··· THE RECORDS ···

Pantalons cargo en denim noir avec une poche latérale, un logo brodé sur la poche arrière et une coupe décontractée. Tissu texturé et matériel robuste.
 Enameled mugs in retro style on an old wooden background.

···
··· THE RECORDS ···

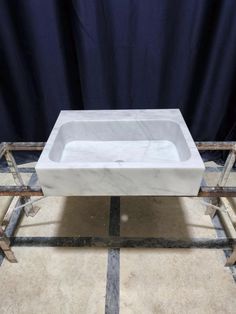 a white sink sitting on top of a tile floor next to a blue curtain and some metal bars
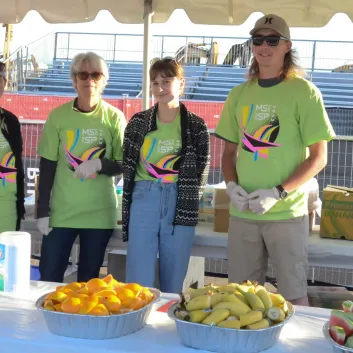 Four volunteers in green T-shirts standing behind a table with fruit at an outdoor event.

···
··· THE RECORDS ···

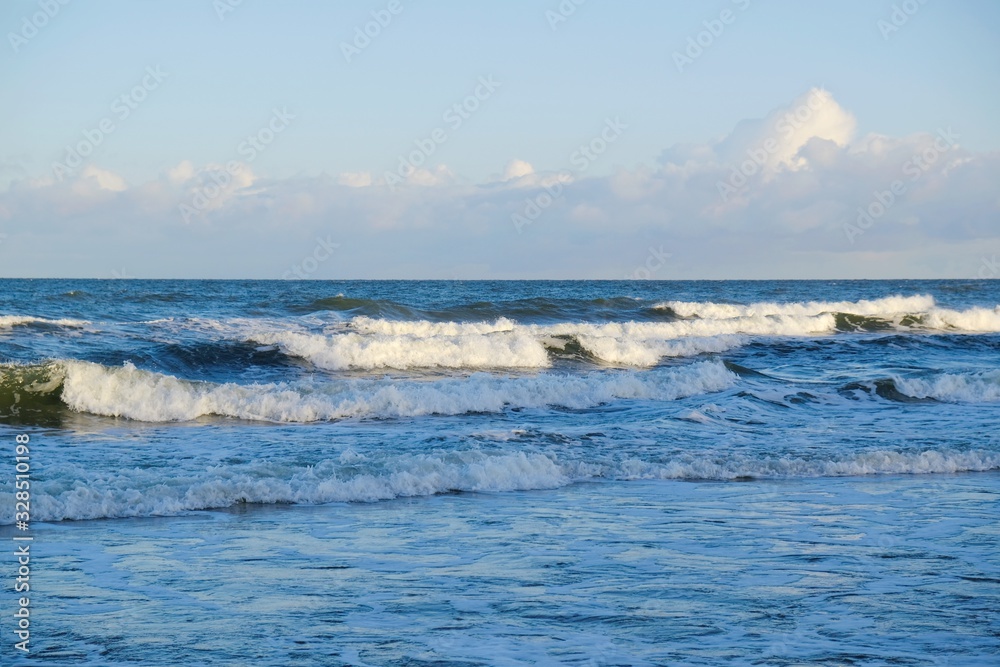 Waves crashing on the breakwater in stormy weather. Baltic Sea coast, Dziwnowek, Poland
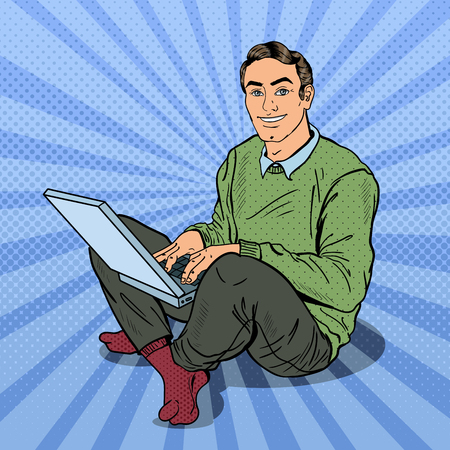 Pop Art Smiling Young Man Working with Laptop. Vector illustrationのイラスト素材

···

#### TASK PROMPT:
A word-for-word reproduction is needed of the lines above from the line containing "a white sink" through the line containing "Four volunteers in", with both ends kept and no pictures.

#### EXERCISE ANSWER:
 a white sink sitting on top of a tile floor next to a blue curtain and some metal bars
 Four volunteers in green T-shirts standing behind a table with fruit at an outdoor event.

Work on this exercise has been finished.